А тем временем (вдруг отчетливо подумалось ей) она по-прежнему торчит за прилавком «У Морин» в проезде Нельсона, 93. (Теперь она забеспокоилась, как же, интересно, относились их соседи — пока не привыкли — к таким неумеренным проявлениям материнской любви?) И сейчас ей остается только дожидаться, пока какой-нибудь герцог или продюсер случайно не забредет к ним за четвертушкой чая или батоном хлеба…
Морин хандрила. Так говорил отец. На это жаловалась мать. Может, она размышляла? Да. Больше того, ей причинили вред, она это знала, и дулась она, чтобы не разговаривать, пока не затянется рана.
Ожив, она потребовала, чтобы на заветные сто фунтов ее послали на секретарские курсы. Родители запричитали, что в школе, потерпи она еще год, ее обучили бы на секретаршу бесплатно. Она сказала: «Что же вы не заставили меня остаться или думали, я буду вроде вас всю жизнь масло отвешивать?» Несправедливо, казалось бы, но вполне заслуженно, если вспомнить, как они с ней поступили. И они это по-своему чувствовали. (Мистер Уотсон, например, в глубине души понимал, что никак нельзя было разрешать жене назвать их магазинчик «У Морин».) Итак, Морин поступила на годичные секретарские курсы. За ней потянулась и Ширли; до этого она продавала косметику в местном отделении большого универмага. Сумму в сто фунтов родители Ширли собрали с трудом: с лавочкой им не повезло, они вынуждены были уступить ее большой фирме, теперь отец служил там приказчиком. Да и Уотсонам приходилось нелегко: их сто фунтов были скоплены годами мелочной экономии и лишений.
В этой связи Морин впервые соотнесла слово «капитал» не со своими внешними данными, а с деньгами. Уотсонам было сравнительно просто достать деньги — у них был капитал, у Бэннеров же капитала не было. (У них, если что и было, говорила миссис Уотсон, так одно невезенье.) Итак, Морин собралась с духом. Теперь по поведению семей стало окончательно ясно, что девушкам предстоят разные дороги, или, вернее говоря, несмотря на то, что обе семьи вложили в дело одинаковую сумму, Уотсоны вели себя так, будто вправе были рассчитывать на прибыль побольше.

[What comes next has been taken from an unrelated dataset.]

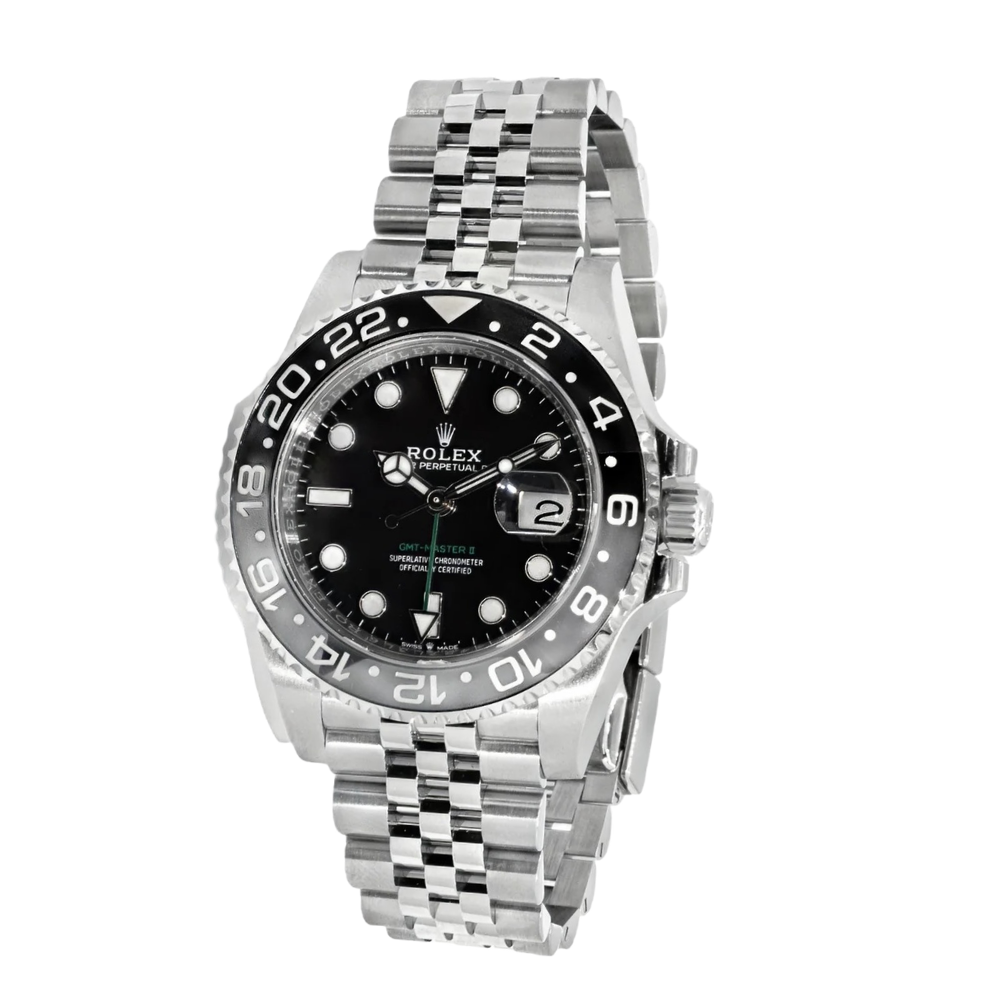 Classic three-hand, polished steel, smooth bezel, black dial with triangle at 12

Это положение отразилось и в разговорах девушек о кавалерах. Ширли, бывало, скажет: «Я не такая недотрога, как ты». Морин отвечает: «А я им воли не даю».
Каждая впервые решила для себя эту захватывающую проблему, когда им было по тринадцати. Уже тогда Ширли позволяла мальчикам больше («Со мной они заходят дальше»), чем Морин. Тогда они полюбовно договорились, что всему виной пылкий темперамент Ширли, хотя на самом деле обе просто знали: на рынке Морин ценится выше.